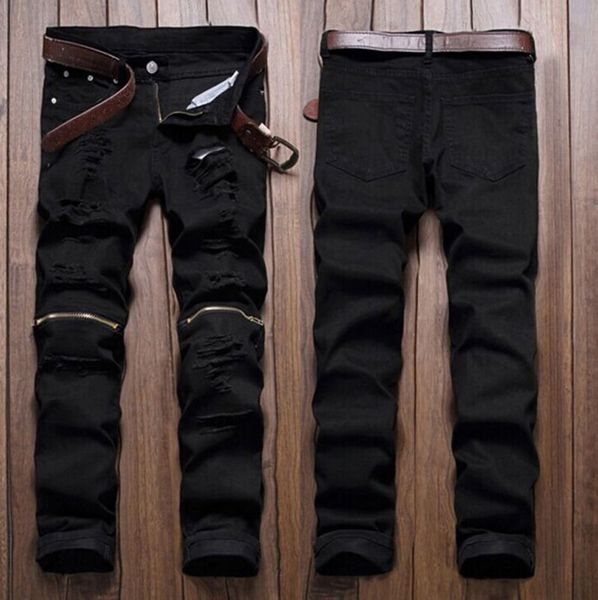 

wholesale-men stylish ripped jeans zipper hollow out biker classic skinny slim straight denim trousers, Blue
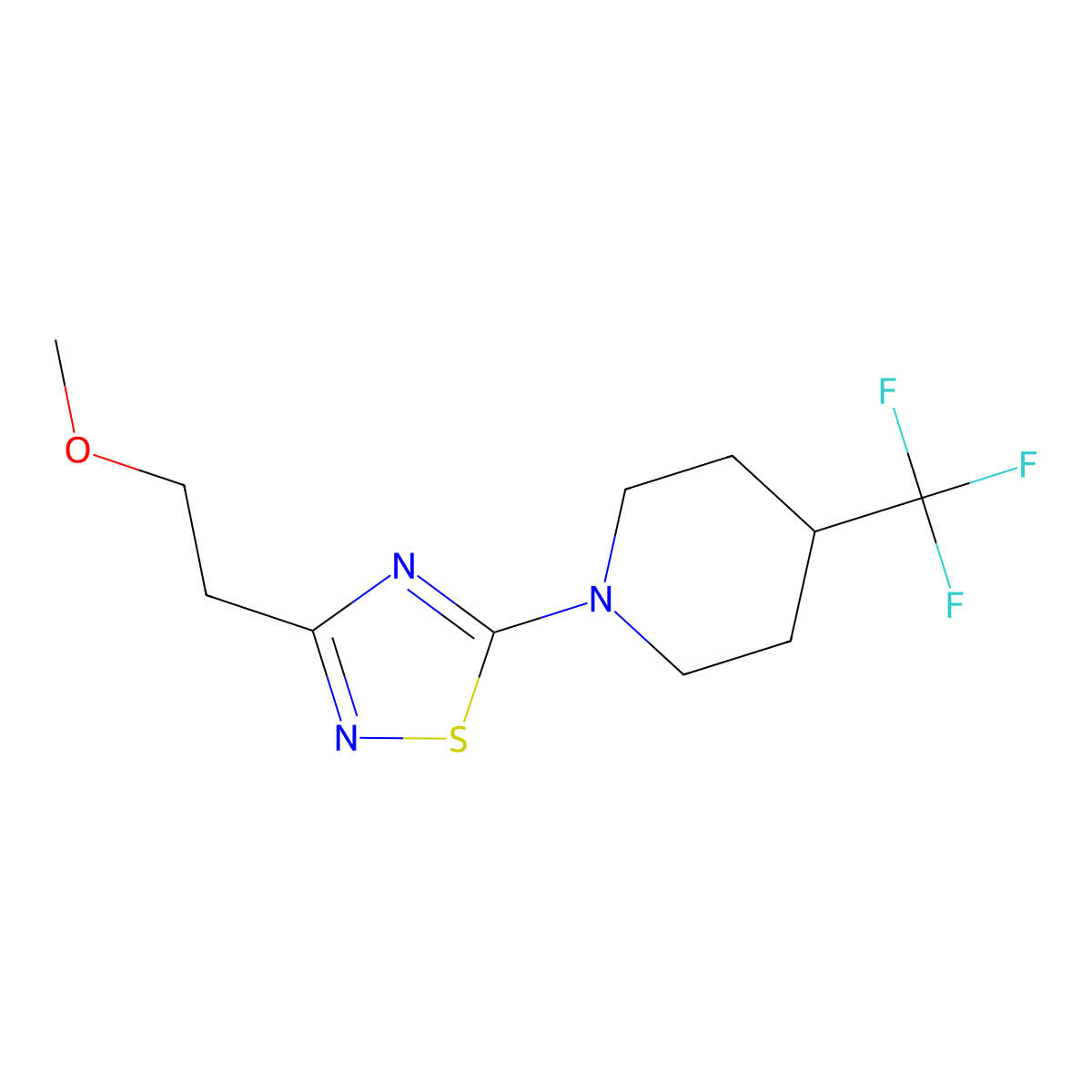 1-[3-(2-Methoxyethyl)-1,2,4-thiadiazol-5-yl]-4-(trifluoromethyl)piperidine molecular structure, CAS 2415572-54-0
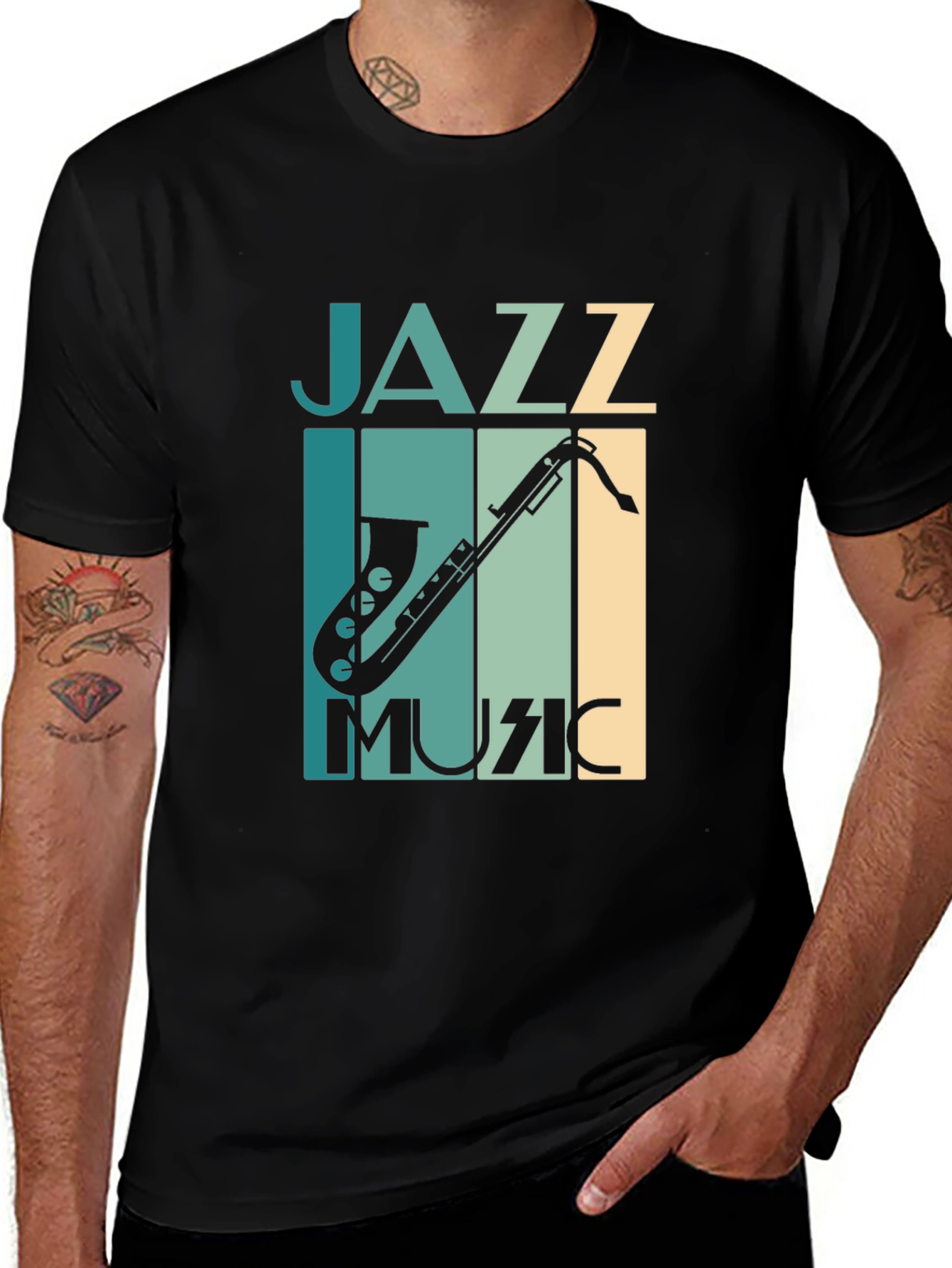 Jazz Music Graphic Tee - Black Saxophone T-Shirt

*TRY IT*
Leave the pictures out and retype only the lines from the line with "structure, CAS 2415572-54-0" through the final line of the material, both ends included, word for word.

*ANSWER AREA*
 1-[3-(2-Methoxyethyl)-1,2,4-thiadiazol-5-yl]-4-(trifluoromethyl)piperidine molecular structure, CAS 2415572-54-0
 Jazz Music Graphic Tee - Black Saxophone T-Shirt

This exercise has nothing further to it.